**Data provided**
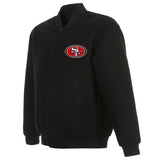 San Francisco 49ers Reversible Wool Jacket - Black - J.H. Sports Jackets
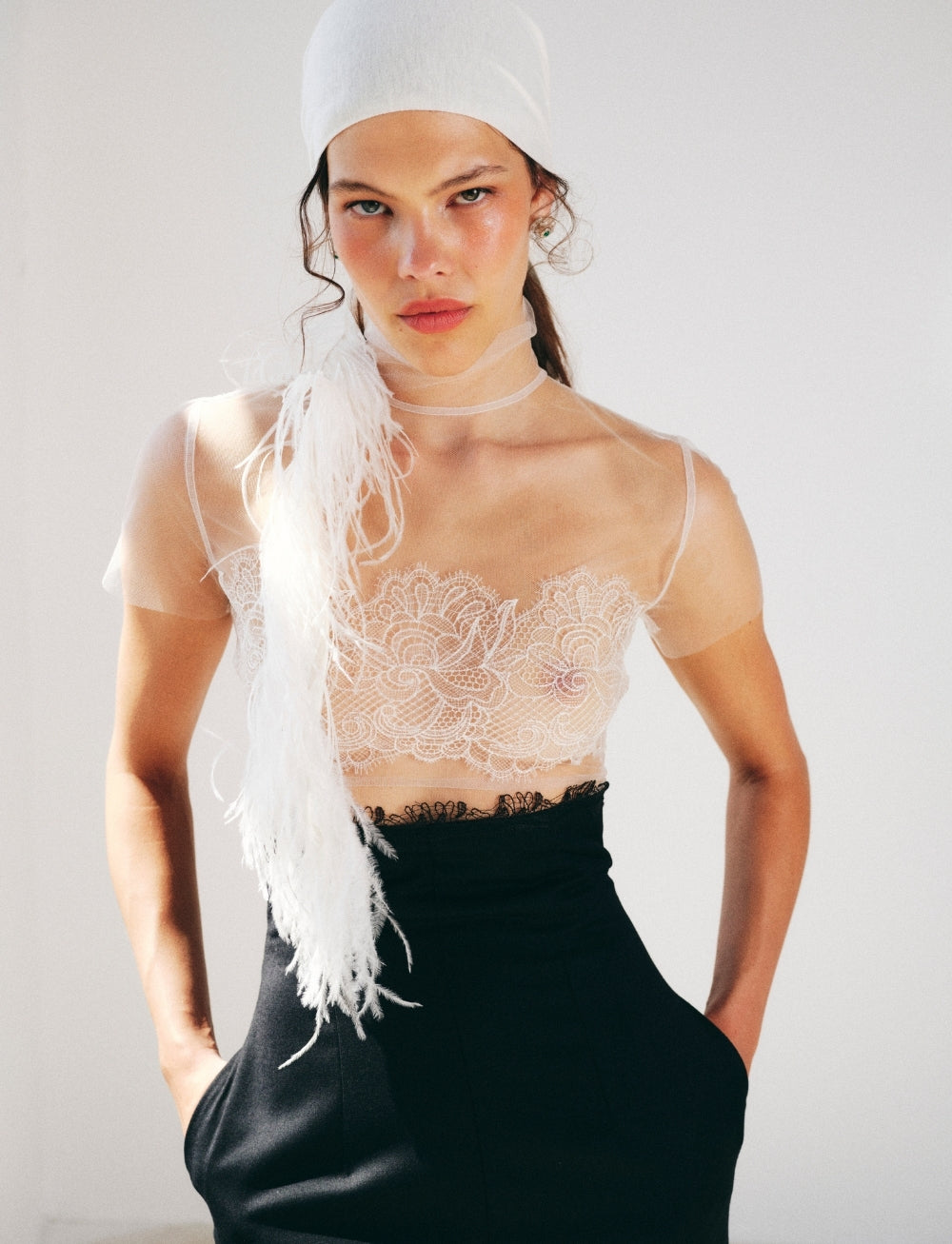 Foulard Sissy à plumes - Off White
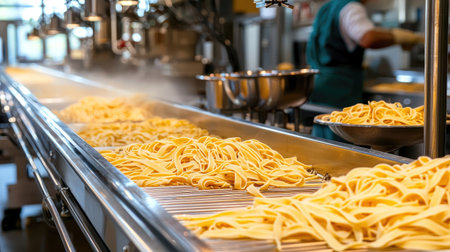 This image captures the art of fresh pasta production in a modern kitchen. Noodles lay neatly on a conveyor, while steam rises from the preparation area, showcasing culinary craftsmanship.の素材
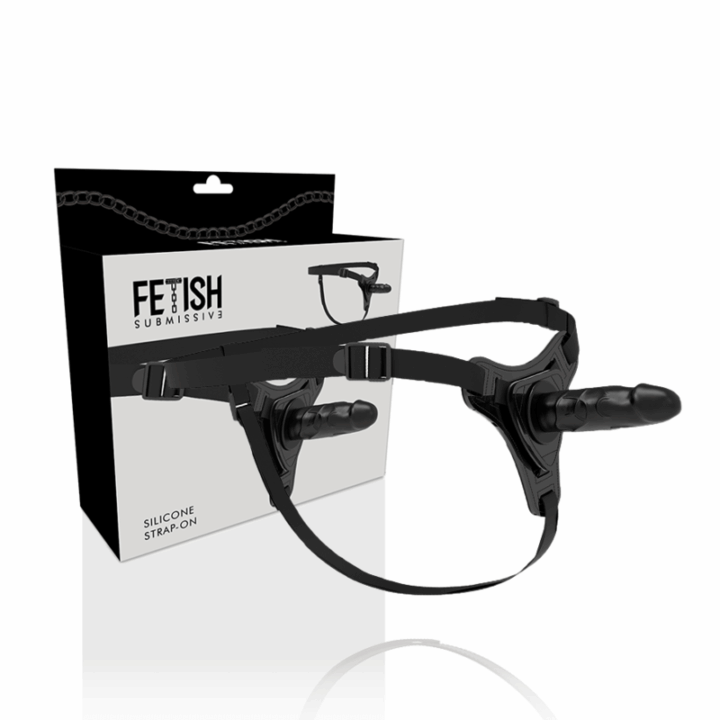 FETISH SUBMISSIVE HARNESS - SILICONE PRETO REALISTA 15 CM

**What you are asked to do**
Send back every line above exactly, skipping all pictures.

**Output for this task**
 San Francisco 49ers Reversible Wool Jacket - Black - J.H. Sports Jackets
 Foulard Sissy à plumes - Off White
 This image captures the art of fresh pasta production in a modern kitchen. Noodles lay neatly on a conveyor, while steam rises from the preparation area, showcasing culinary craftsmanship.の素材
 FETISH SUBMISSIVE HARNESS - SILICONE PRETO REALISTA 15 CM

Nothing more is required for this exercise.